# Tomato bandit



## CoastalOutfitters (Aug 20, 2004)

Short story, the wife had a buddy over and she and the other lady admire my new raised garden with the other ladie's 3 year old son. about a month ago............

So last night the 2 of them come over again and Jr. gets to go outside and feed the goldfish and look at the garden.

He comes in with 2 handfulls of my green celebrity tomatoes that are already marble sized and hands them to my wife.

I get home from work and find all this out.......... "about the cute little helper"


grrrrrrrrrrrrrrrrrrrrrrrrrrrrr.................


----------



## boat_money (May 21, 2004)

at least he's easier to keep out of ur garden than the mocking birds


----------



## speckle-catcher (May 20, 2004)

fry 'em

(the tomatoes - not the kid)


----------



## Pasadena1944 (Mar 20, 2010)

I had a dog that picked the baseball size green ones.

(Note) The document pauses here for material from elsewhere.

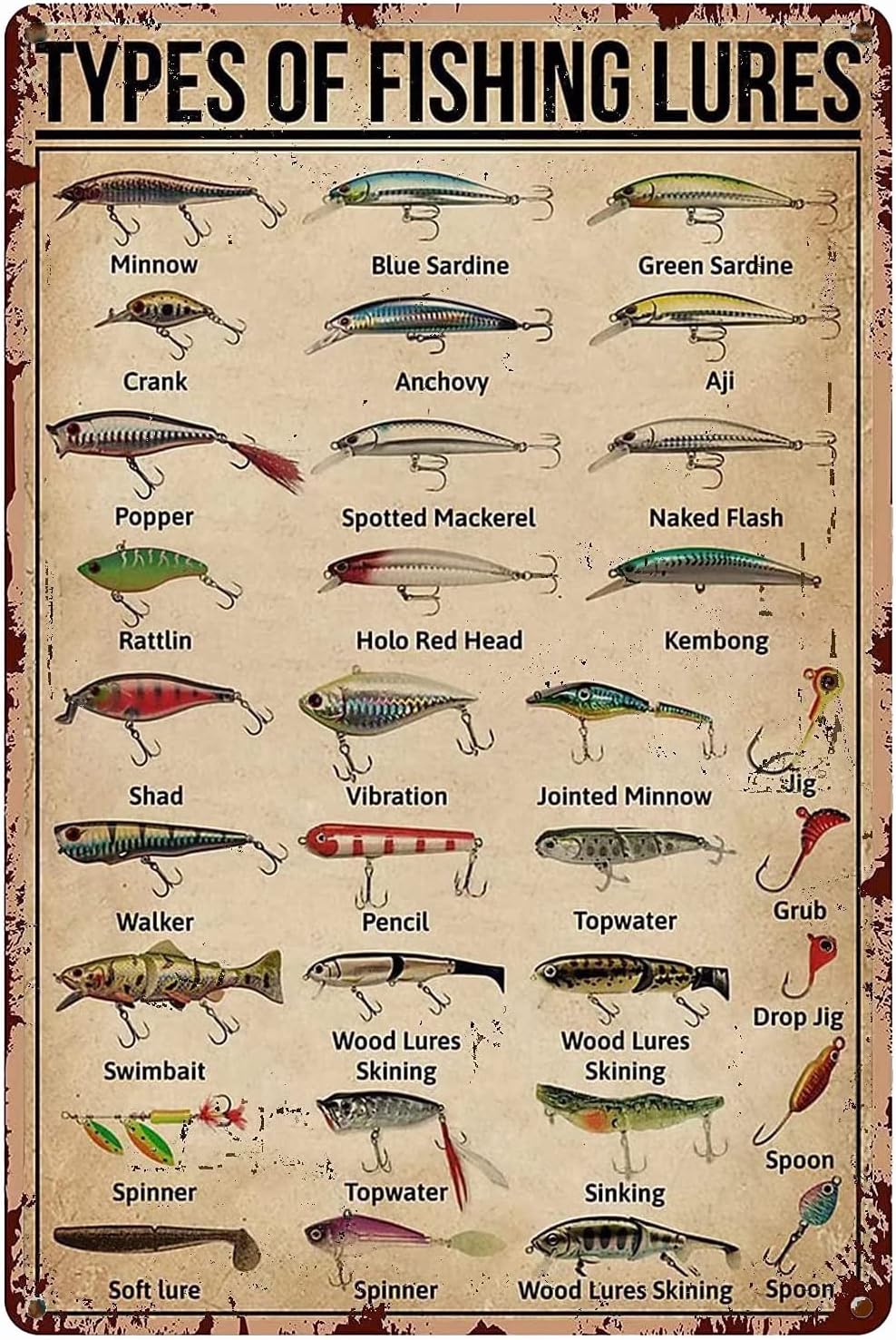 Vintage Fashion Posters - 1d, TYPES OF FISHING LURES Kennis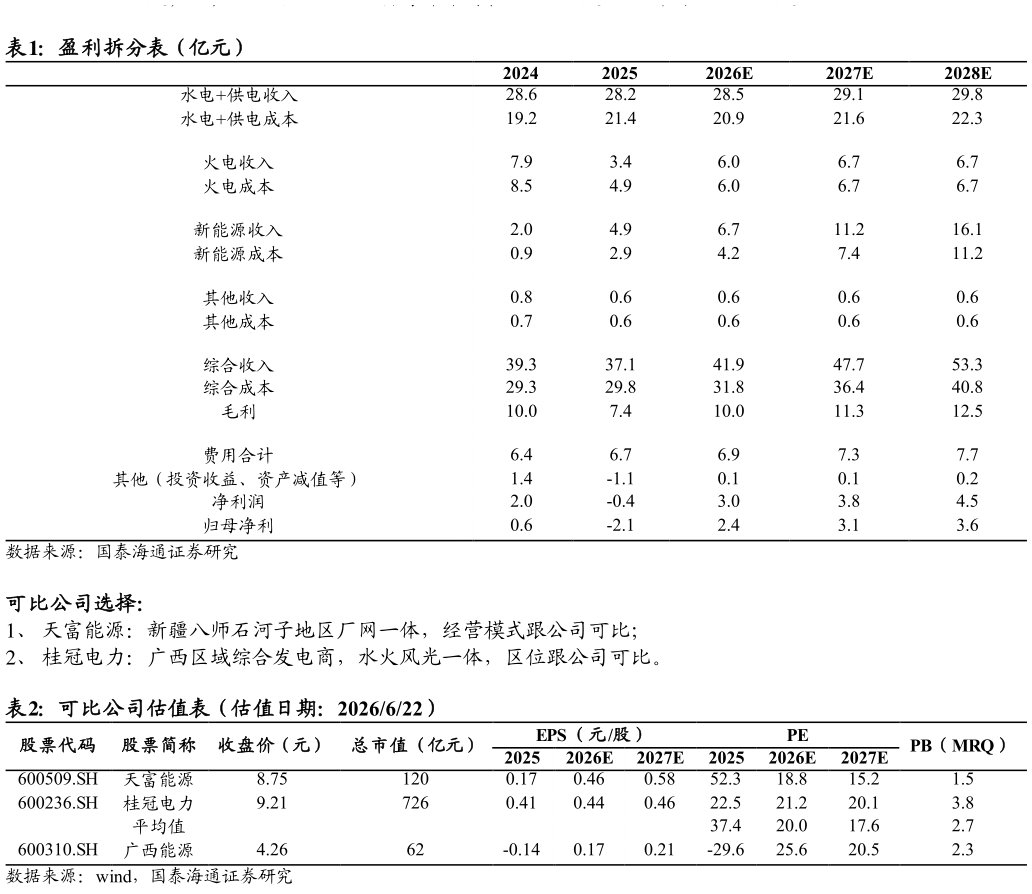 谁知道盈利拆分表（亿元） 可比公司估值表（估值日期：2026622）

He would bring them to me and want me the throw them for him to fetch...


----------



## srmtphillips (Oct 3, 2007)

Pasadena1944 said:


> I had a dog that picked the baseball size green ones. He would bring them to me and want me the throw them for him to fetch...


My Lab just eats them when they get a decent size. She has been banished from the tomato growing portion of the kingdom! Also caught a squirrel stealing one the other day. Time to turn the 13 year old loose with the pellet gun!


----------



## Pasadena1944 (Mar 20, 2010)

srmtphillips said:


> My Lab just eats them when they get a decent size. She has been banished from the tomato growing portion of the kingdom! Also caught a squirrel stealing one the other day. Time to turn the 13 year old loose with the pellet gun!


You can make a good gumbo with fresh squirrel and fresh tomatoes...>)


----------



## w_r_ranch (Jan 14, 2005)

Deer fence.


----------



## Reel Time (Oct 6, 2009)

w_r_ranch said:


> Deer fence.


***** can get in no matter what you do (short of lead poisoning!).


----------



## ptfisher (Jun 6, 2005)

I had to buy a solar powered charger from Home Depot and some chicken wire to keep the criters out.


----------



## Barnacle Bill (May 21, 2004)

That sucks amigo!!!! Ain't nuthin' cute about a grubby handed garden veggie grabber toddler!


----------



## chuck leaman (Jul 15, 2004)

Put a hot wire fence around it in time for his next visit.


----------



## w_r_ranch (Jan 14, 2005)

Reel Time said:


> ***** can get in no matter what you do (short of lead poisoning!).


Funny you should mention that,,,, I grounded my fence & added a 12 rechargeable hot wire (just above the chicken wire barrier) last year just for the ***** & possums. They can only get in now is if they know how to pole vault!!! :rotfl:

Fortunately, I don't have to worry about 2 legged young'ins anymore.


----------



## Pasadena1944 (Mar 20, 2010)

w_r_ranch said:


> Funny you should mention that,,,, I grounded my fence & added a 12 rechargeable hot wire (just above the chicken wire barrier) last year just for the ***** & possums. They can only get in now is if they know how to pole vault!!! :rotfl:
> 
> Fortunately, I* don't have to worry about 2 legged young'ins anymore.*


You didn't shootem did ya?


----------